## ASSIGNMENT
Pictures are to be left out. Copy exactly, and only, the lines from the start of the entries below to the line with "Sovesofa PARADIS råhvid teddy", both included.

::::::::

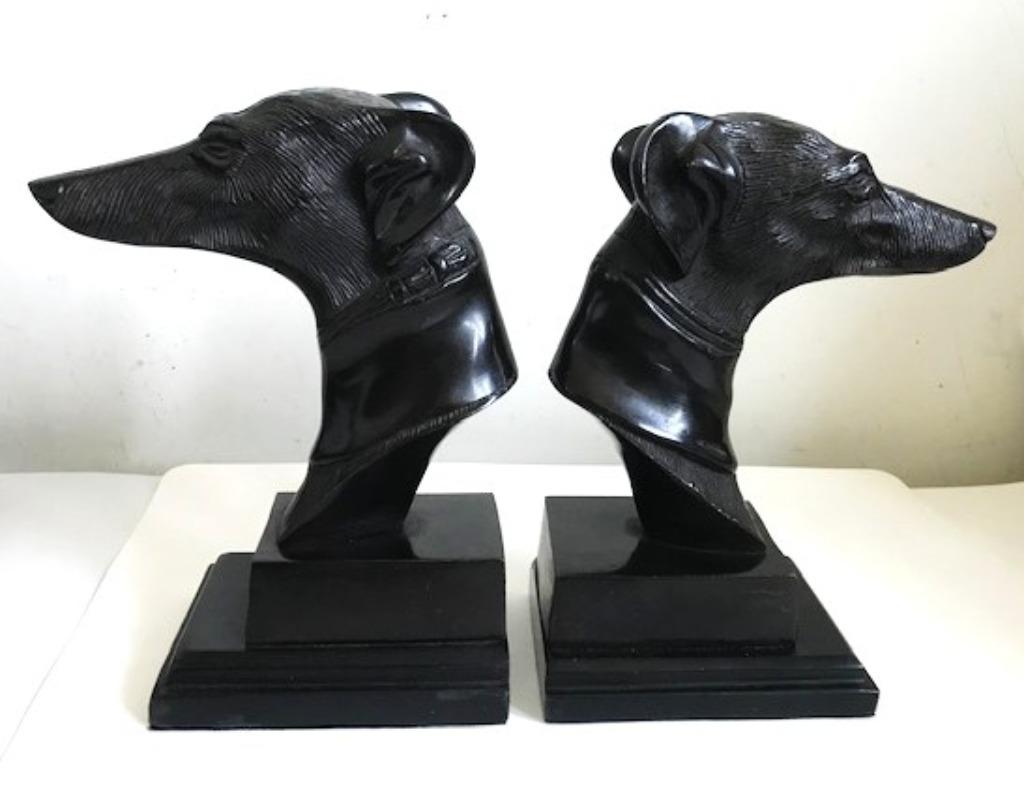 Serre-livres Art Déco Greyhound Lévrier whippet😍🤗👌, Antiquités & Art, Enlèvement ou Envoi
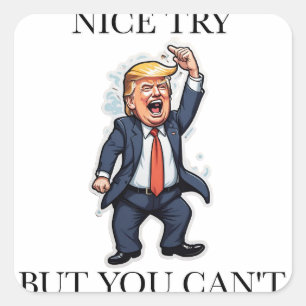 Sticker Carré Donald Trump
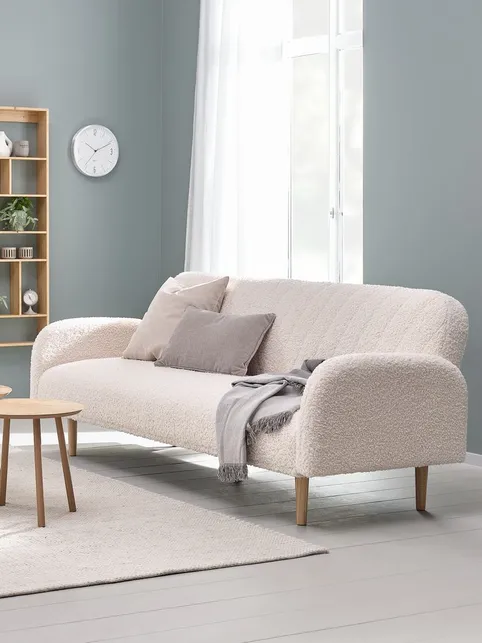 Sovesofa PARADIS råhvid teddy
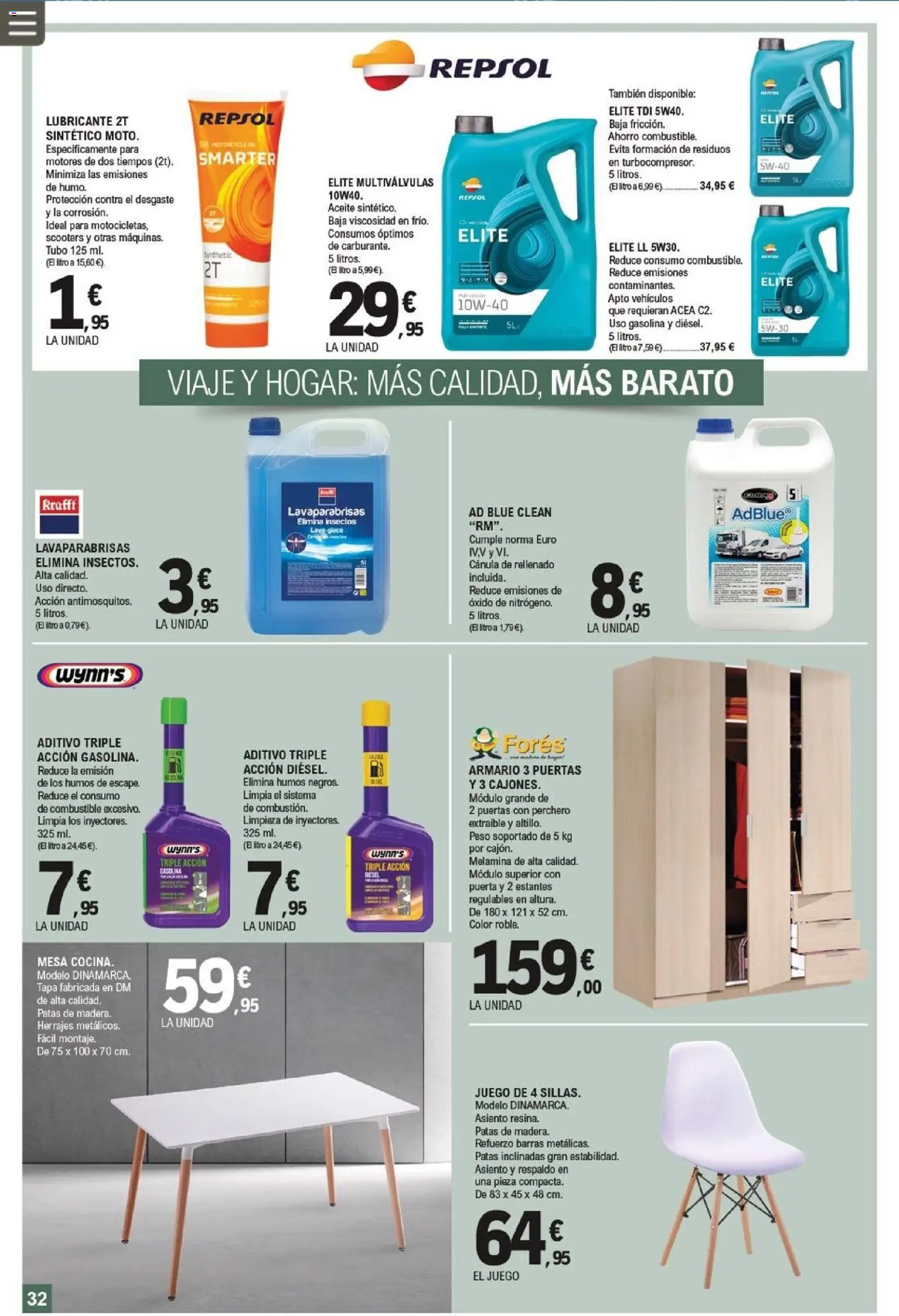 E.Leclerc folleto │ válido desde el 04.05.2026 | Página: 32 | Productos: Perchero, Noodles αυγού, Peso, Mesa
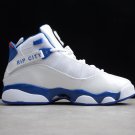2019 Air Jordan 6 Rings White Blue Red 322992 051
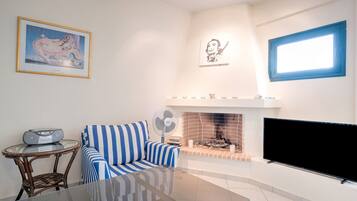 Vila | Ruang keluarga | Perapian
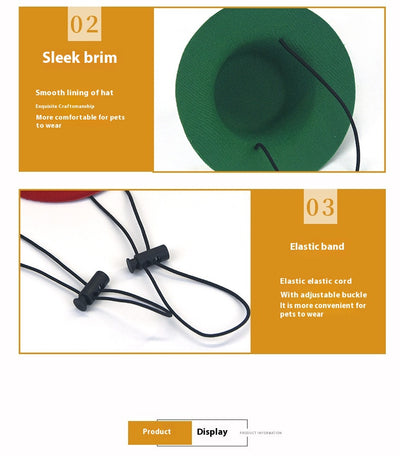 Gorra Ajustable para Mascotas - Diseño Creativo y Cómodo - Image 10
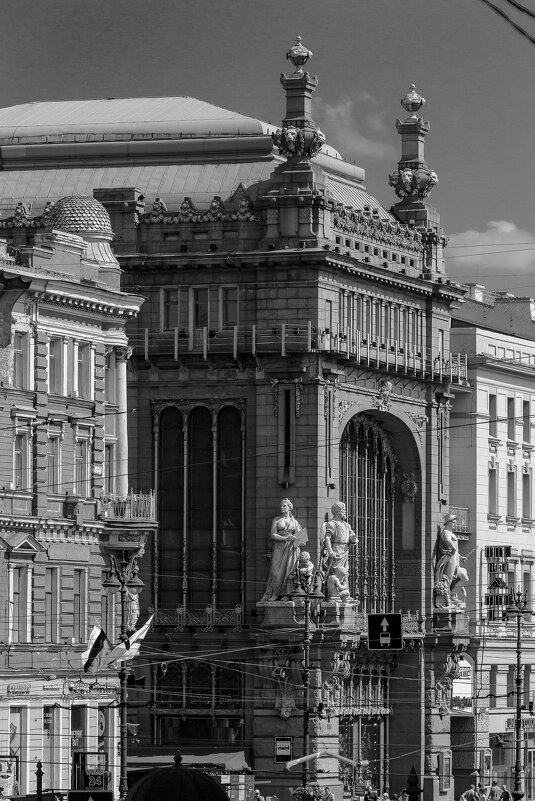 черно белое фото в архитектуре - Алексей Булак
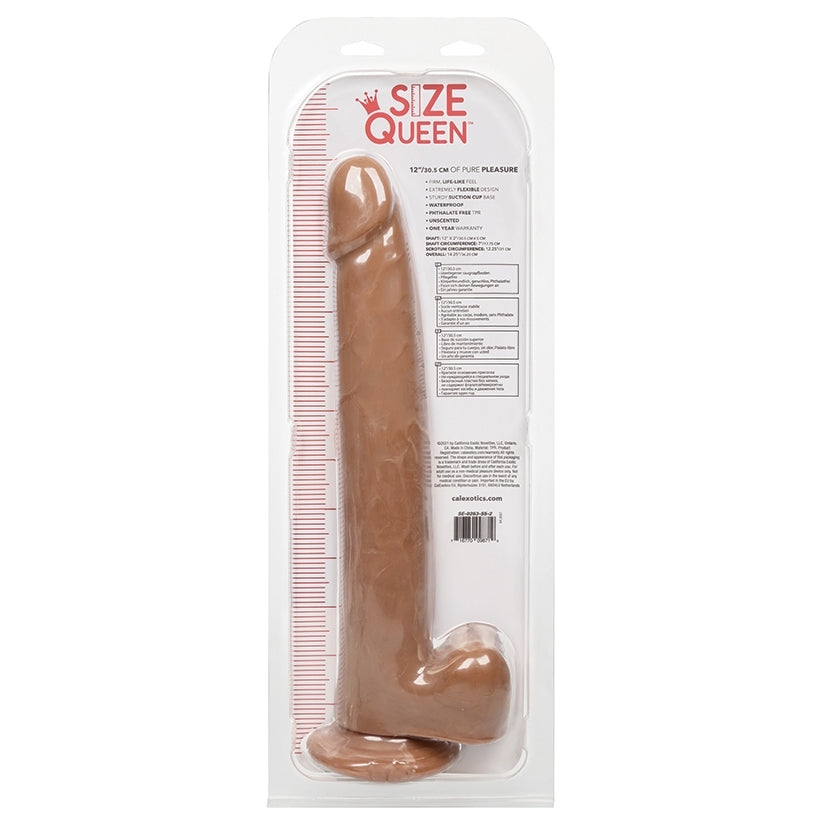 Size Queen-Brown 12"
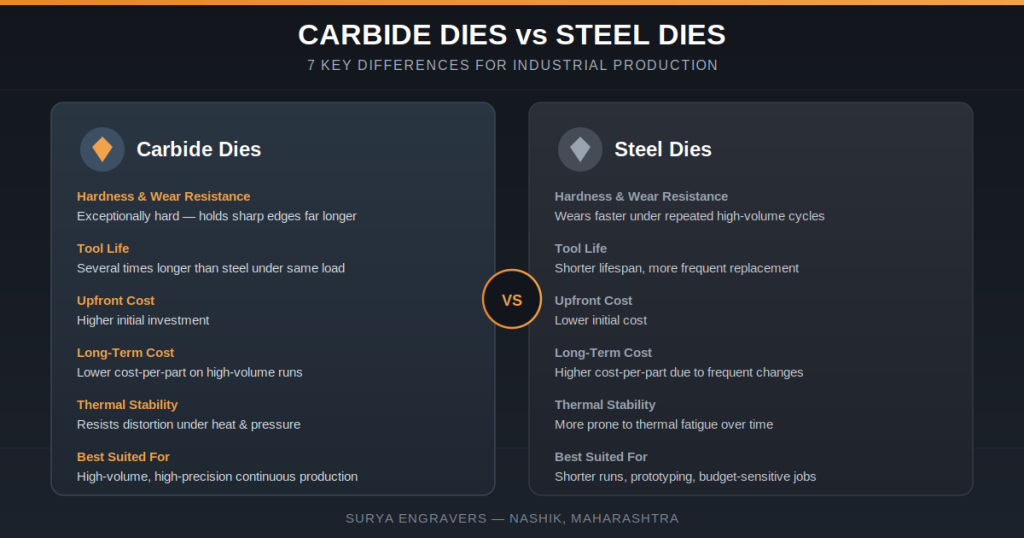 carbide dies vs steel dies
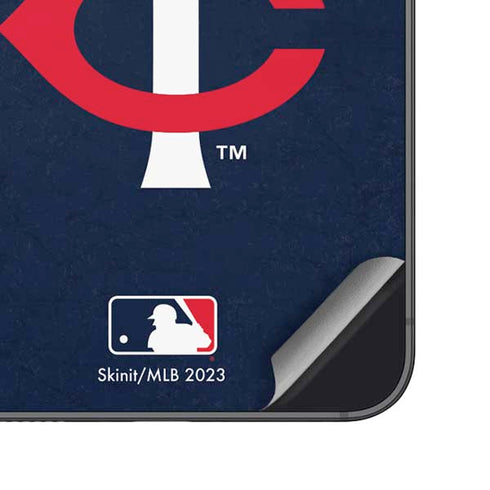 MLB Minnesota Twins - Solid Distressed Galaxy S25 Plus Skin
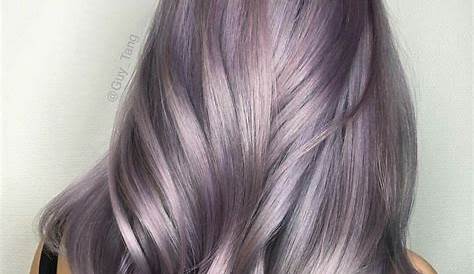 Gris Violeta Pelo Cabello Con Reflejos Reglas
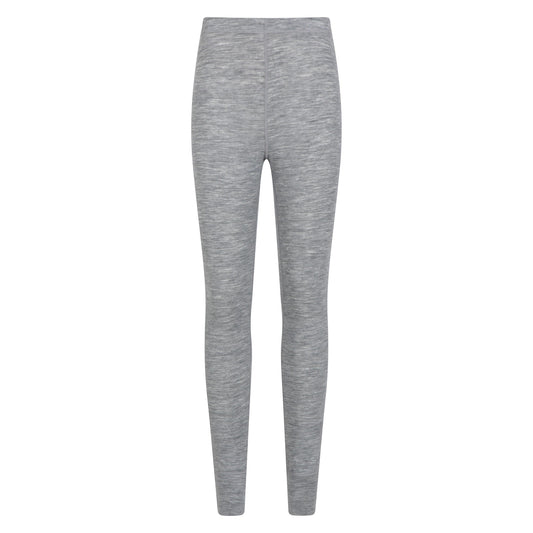 Grey - Front - Mountain Warehouse Womens-Ladies Merino II Thermal Bottoms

::::::::

## THE COMPLETED TASK
 Serre-livres Art Déco Greyhound Lévrier whippet😍🤗👌, Antiquités & Art, Enlèvement ou Envoi
 Sticker Carré Donald Trump
 Sovesofa PARADIS råhvid teddy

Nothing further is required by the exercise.